TASK REQUIREMENTS: Skip the pictures. Return exactly the lines from the one containing "としまえんフィッシングエリア 釣果" through the end of the entries below.

MATERIAL SHOWN:
◇ ◇ ◇
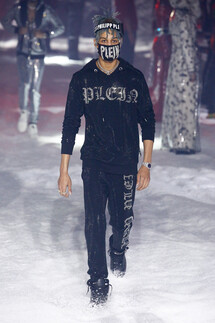 Philipp Plein Fall 2018 Ready-to-Wear Филипп Плейн осень зима 2018 коллекция неделя моды в Нью Йорке Mainstyles
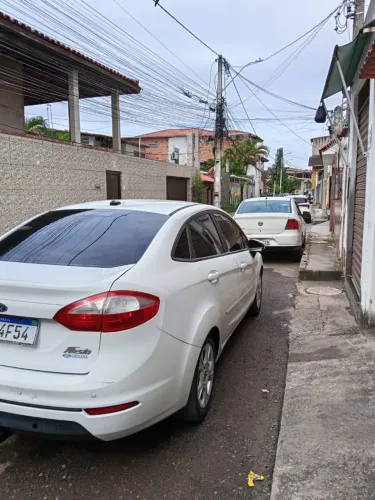Ford Fiesta Sedan 1.6 16V Flex Aut. 2014
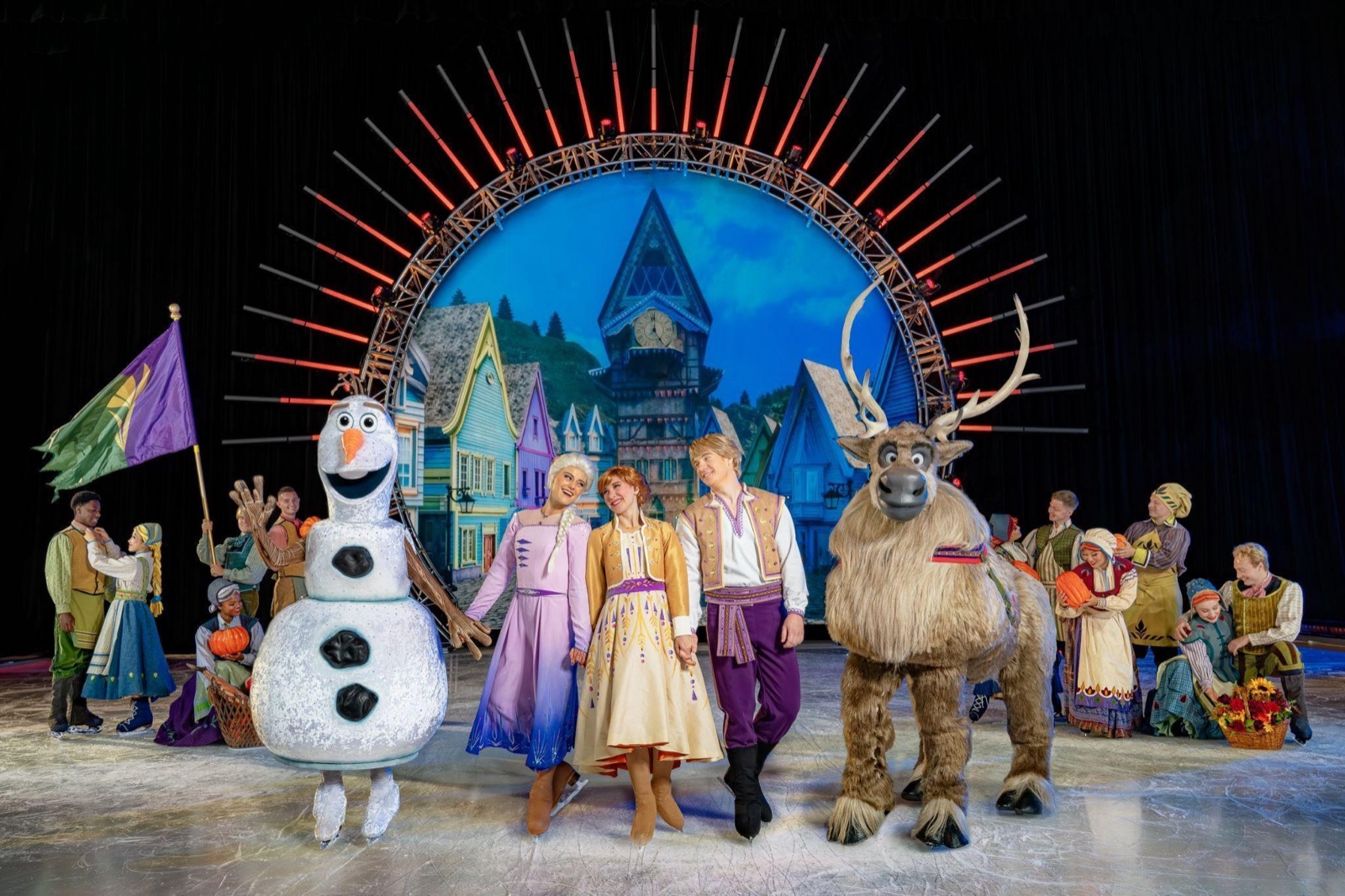 Disney On Ice presents Let's Dance!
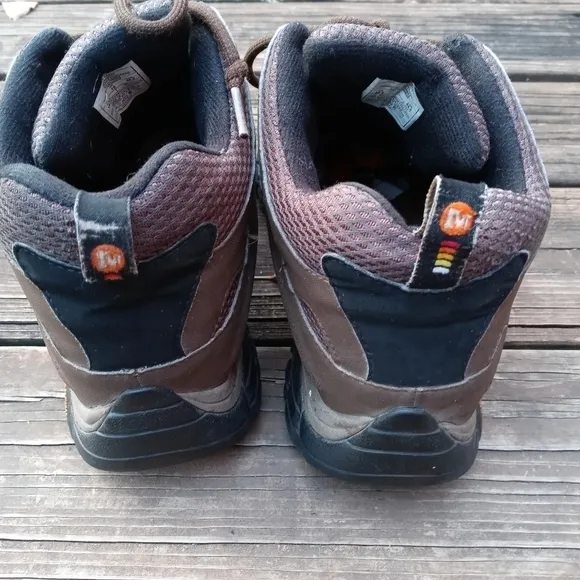Merrell Men 10.5 Moab Mid Gore-Tex Dark Earth Hiking Trail Boots J87701 Get out
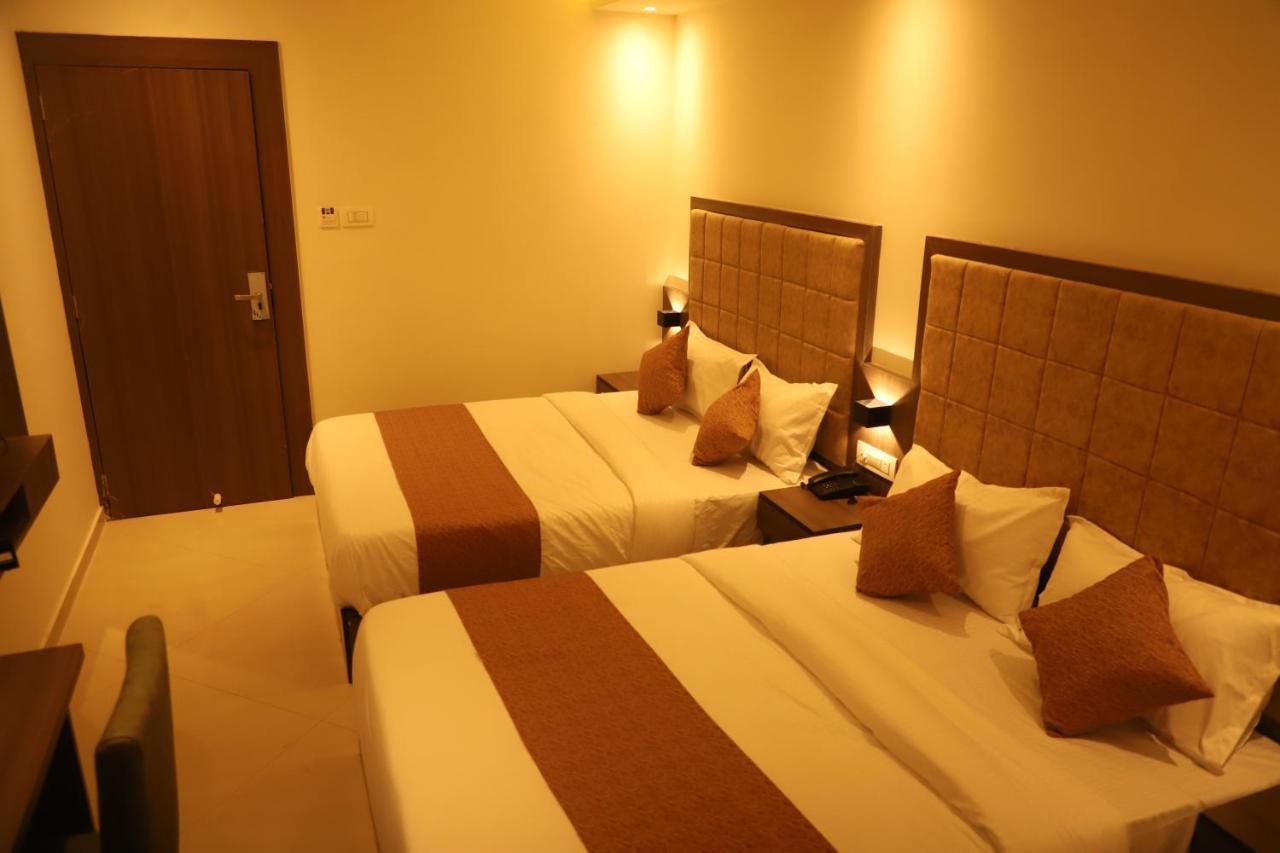 Hotel Sai Pritam Mumbai Exteriör bild
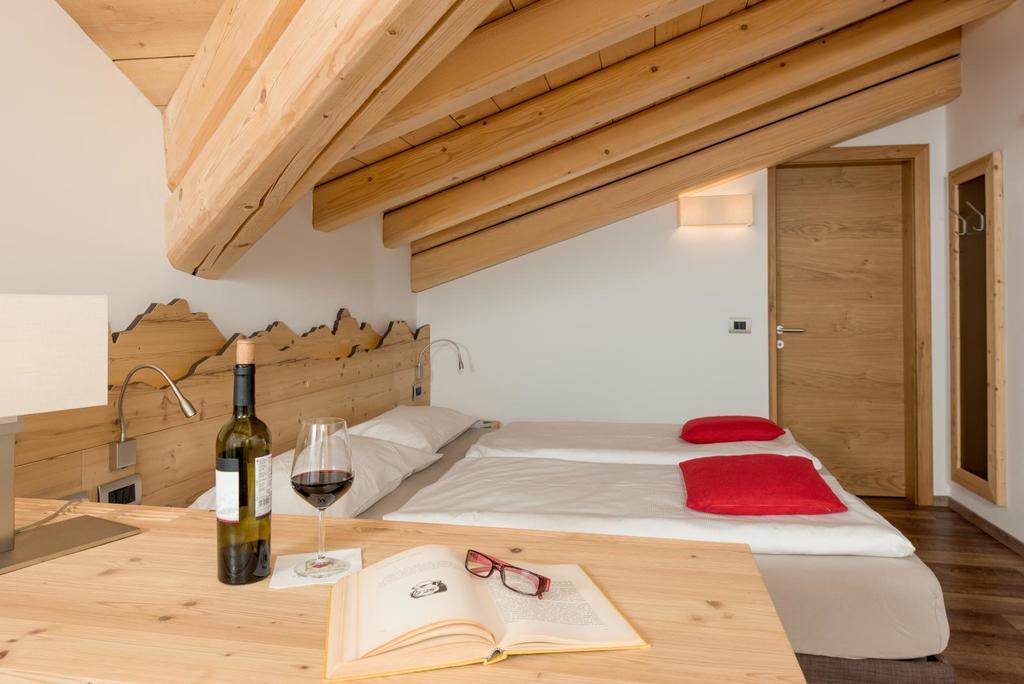 Hotel Garni Lastei Pozza di Fassa Exteriör bild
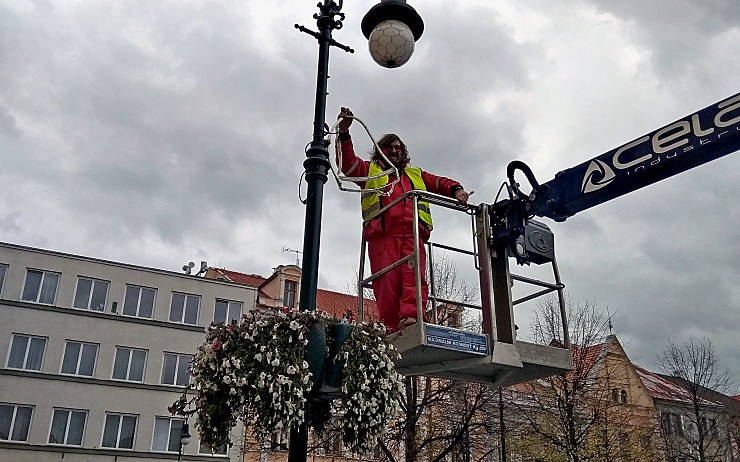 Zajímavost: na sloupech už visí vánoční ozdoby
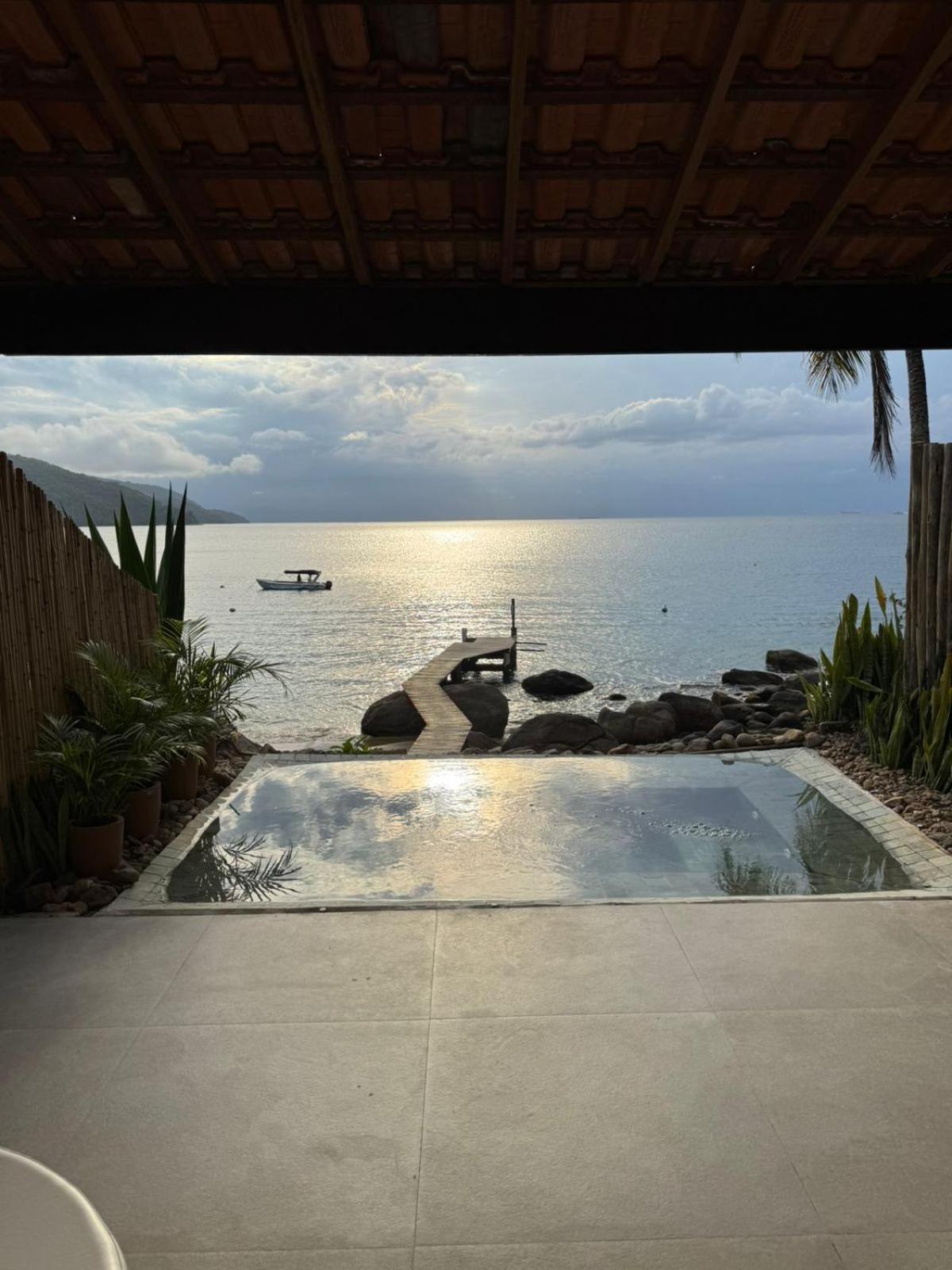 Casa Da Ilha Villa Praia de Araçatiba Buitenkant foto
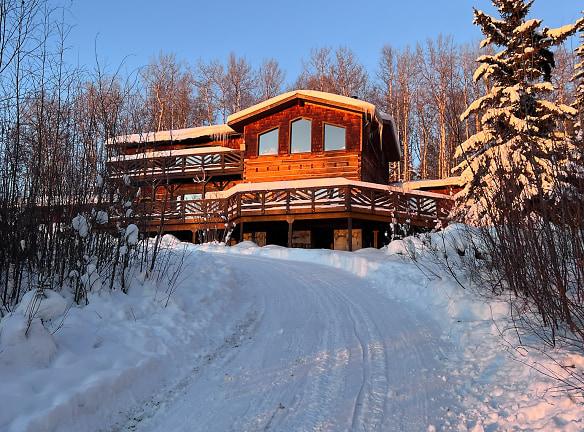 830 Redpoll Ln - Fairbanks, AK 99712 - Home For Rent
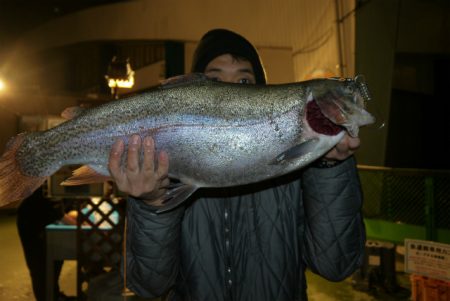 としまえんフィッシングエリア 釣果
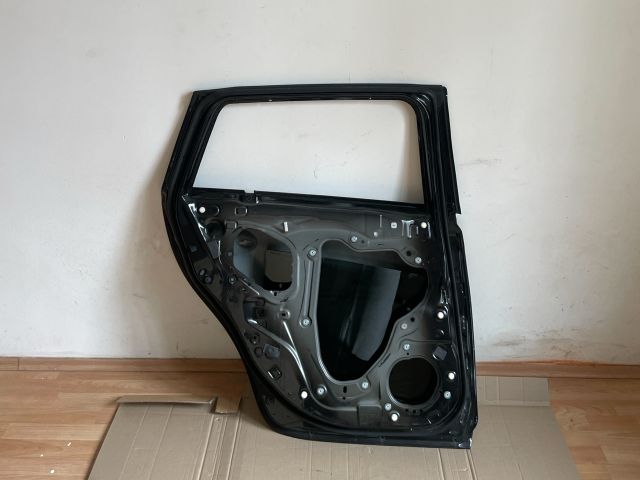 bontott MAZDA 6 Bal hátsó Ajtó (Üres lemez)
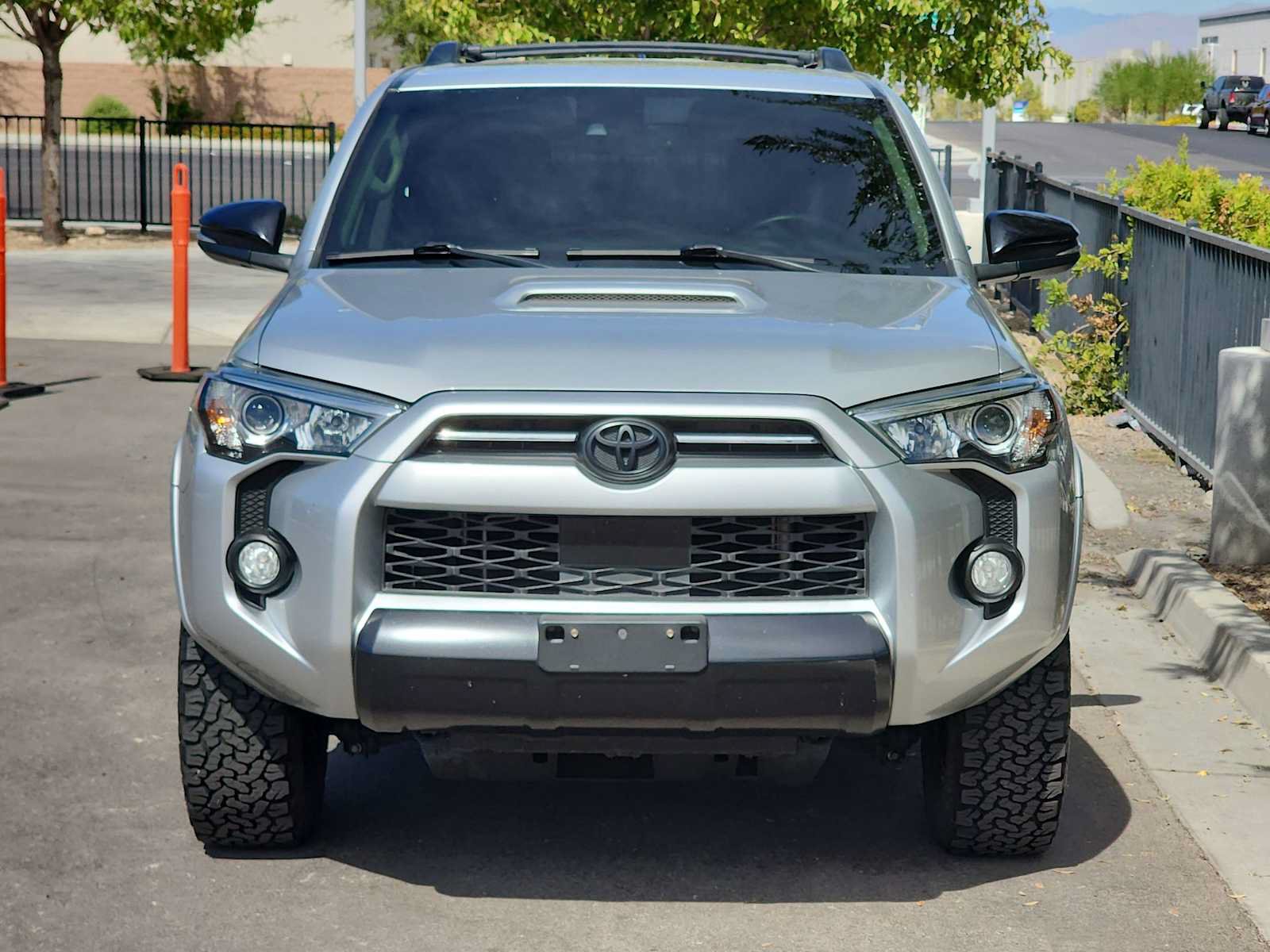 Used 2020 Toyota 4Runner Venture w/ Moonroof Package AWD/4WD image 3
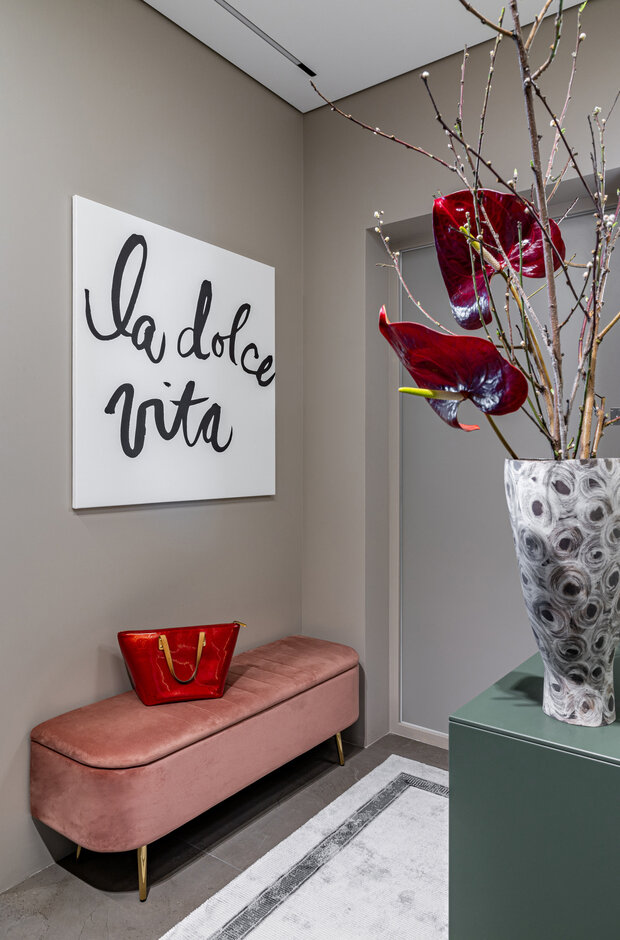 Фотография: Прихожая в стиле Современный, Квартира, Проект дня, 2 комнаты, 40-60 метров, ЖК «Пятницкие кварталы» – фото на INMYROOM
◇ ◇ ◇
SOLUTION TO THIS EXERCISE:
 としまえんフィッシングエリア 釣果
 bontott MAZDA 6 Bal hátsó Ajtó (Üres lemez)
 Used 2020 Toyota 4Runner Venture w/ Moonroof Package AWD/4WD image 3
 Фотография: Прихожая в стиле Современный, Квартира, Проект дня, 2 комнаты, 40-60 метров, ЖК «Пятницкие кварталы» – фото на INMYROOM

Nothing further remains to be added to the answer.